◆ Dataset extract ◆
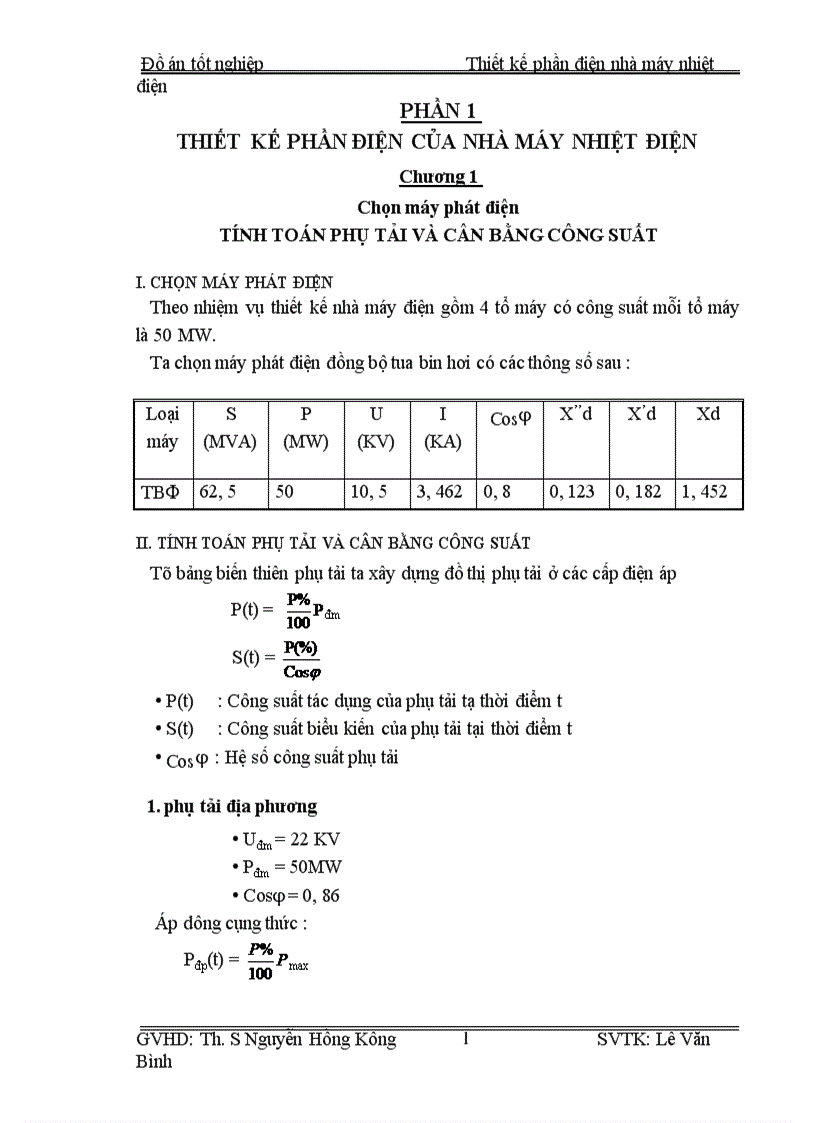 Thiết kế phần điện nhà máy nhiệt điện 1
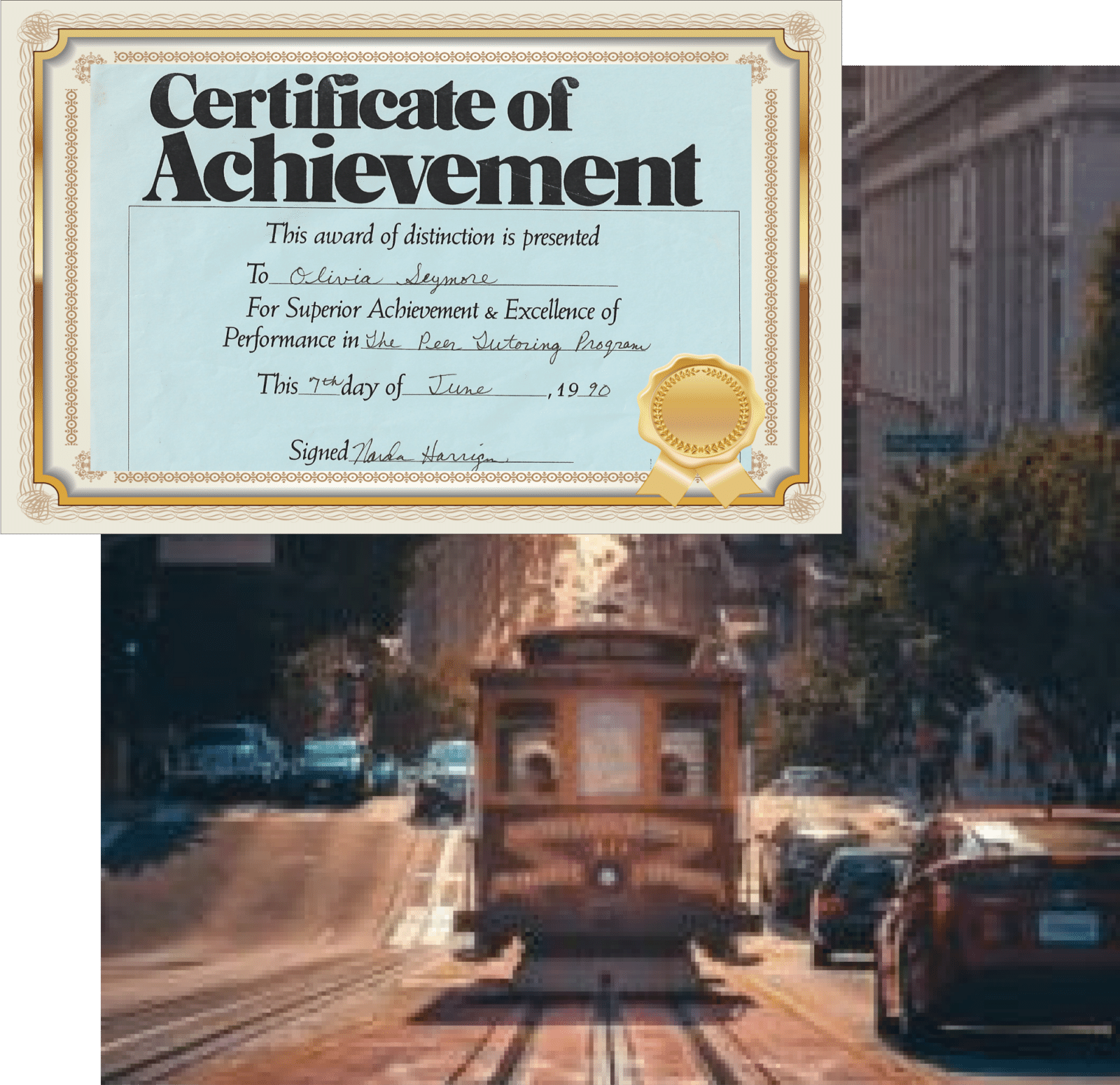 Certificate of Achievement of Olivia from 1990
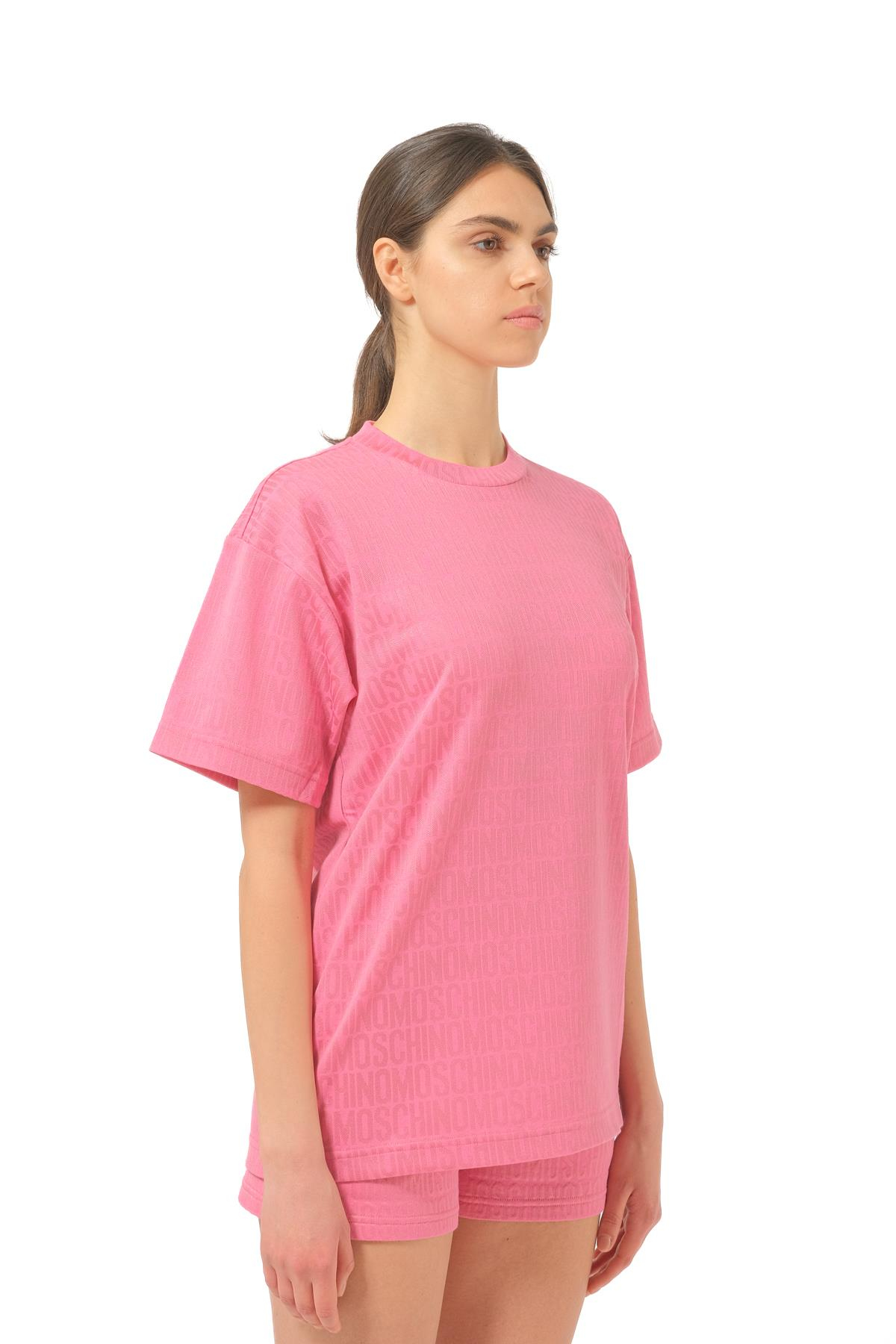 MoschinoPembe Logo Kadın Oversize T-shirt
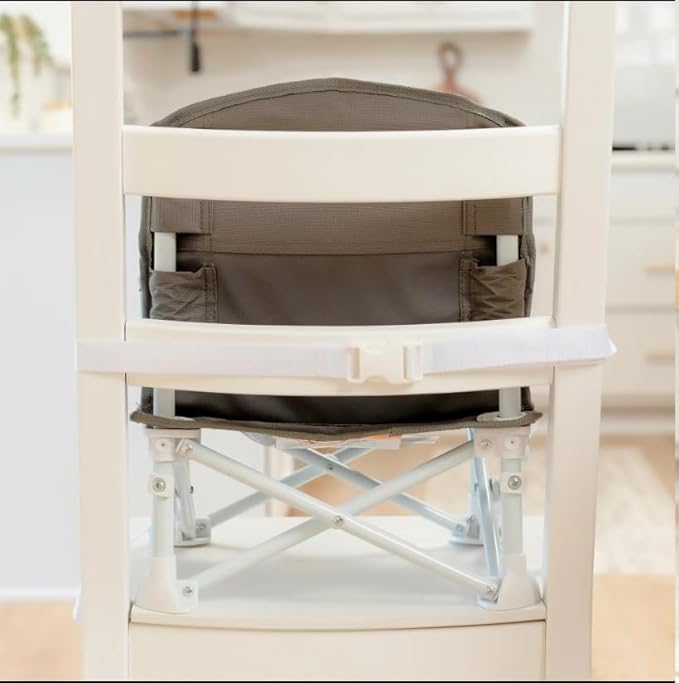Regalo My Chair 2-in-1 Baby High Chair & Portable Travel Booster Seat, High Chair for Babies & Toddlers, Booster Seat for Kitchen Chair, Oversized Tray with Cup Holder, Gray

◆ Task instructions ◆
Word for word, retype the lines from the one with "MoschinoPembe Logo Kadın Oversize T-shirt" through the final line of the data, both included. No pictures belong in the copy.

◆ Reply ◆
 MoschinoPembe Logo Kadın Oversize T-shirt
Regalo My Chair 2-in-1 Baby High Chair & Portable Travel Booster Seat, High Chair for Babies & Toddlers, Booster Seat for Kitchen Chair, Oversized Tray with Cup Holder, Gray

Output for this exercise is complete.